Nous quittons le château où les drapeaux de Buren dans la cour nous rappellent qu'il y a encore une autre conversation à entretenir avec la toile et le vent transporteur de messages.
Au sortir du château, les douves nous laissent apprécier avec Lascaux III une ode à la fragilité, à la temporalité de la beauté, et à la relativisation du beau : construction éphémère, présentation ambiguë d'une forme de bois de récupération, de bouts d'aluminium, de photos de magazines sans âge (sculpture de Thomas Hirschorn, 1997).
En se dirigeant vers le Musée des Beaux-Arts, nous passons par la chapelle de l'Oratoire où la vénérable et non moins excellente vidéo de Peter Fischli et David Weiss Der Lauf der Dinge (Le Cours des choses), 1986-87, nous renvoie sur les traces de la spirale de la fragilité, voire des séries de catastrophes avec le vieux rêve de la chute qui n'en finit pas matérialisé par glissement puis chute d'objets vers le bas, le tout en cascade et n'en finissant pas, et cette sensation prégnante de descendre au fond de la forteresse appelée "self" sans pouvoir toucher le fond.
"Chemin faisant", nous sortons de la chapelle pour rentrer au musée où là un superbe accrochage dans le patio nous fait penser à une vision surréaliste avec le même bol rose avec lequel on a pris son petit déjeuner le matin mais sept cents fois plus grand, la même Ford T que votre grand-père et puis on se rend vite compte que c'est une exposition et là on se promène au milieu d'un excellent choix de sculptures et d'installations avec bien sûr de grands classiques, mais aussi quelques découvertes moins médiatisées : Georges Brecht du groupe Fluxus, Bill Woodrow, Richard Fauguet, Didier Marcel, Christian Marclay, et d'autres, dont le travail sur la construction-recontruction des concepts "sculpture" et "installation", d'interrogation sur l'artisanat, les objets industrialisés, le statut de la statue, de l'œuvre d'art ou de l'art lui-même…
La notion d'artiste en effet remonte au début du XVIIIème siècle et, avant la création de l'Académie Royale par Colbert, les artistes étaient des artisans, travaillant en guilde et n'étaient pas autorisés à exercer à titre libéral. Le Sieur Dürer était orfèvre de son état.
Le fondement de ces interrogations n'est donc pas nouveau.

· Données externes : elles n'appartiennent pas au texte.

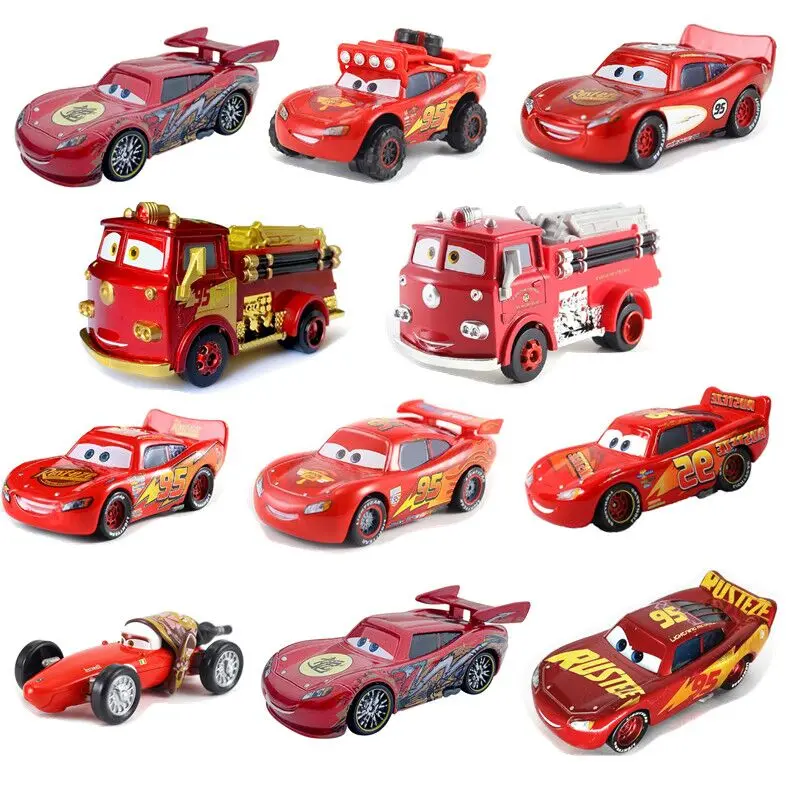 Disney Pixar No.95 Lightning McQueen Cars 2 3 Mater Jackson Storm Ramirez 1:55 Diecast Vehicle Metal Alloy Boy Kid Toy Xmas Gift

Les questions continuent d'affluer et spécialement pour la sculpture des cinquante dernières années.
Nous continuerons "chemin faisant" par la galerie de l'école des beaux-arts avec une pièce de Pieter Kogler et Frantz West, tous deux viennois.
Sculpture ? Décor intérieur ? Un long et épais rideau imprimé d'un motif cérébral, rideau qui se lève sur le divan… de Freud, allusion viennoise au père de la psychanalyse.
Une autre pièce de Pieter Kogler (1998) : intestin géant, organum envahissant la pièce de ses péristaltismes recouvert de motifs sériels organiques, le tout très SF (science fiction et non pas sado-foecal).
Je terminerai la visite par le Lieu Unique, locomotive artistique nantaise et régionale :
Dans la salle de réunion du premier, un igloo à douze étage pamphlète la Très Grande Administration Démocratique dont le dernier mot comporte douze lettres (étage anarchique, étage mystique, etc).
Au rez-de-chaussée, échange entre public et œuvres avec les vidéos des collection du Frac. La rencontre est à l'ordre du jour : Bartoloméo, Pippilotti Rist et d'autres induiront grâce à ces nouveaux médiums et l'installation du premier étage un jeu sur l'interactivité qui favorise les échanges et transforme le simple spectateur en acteur.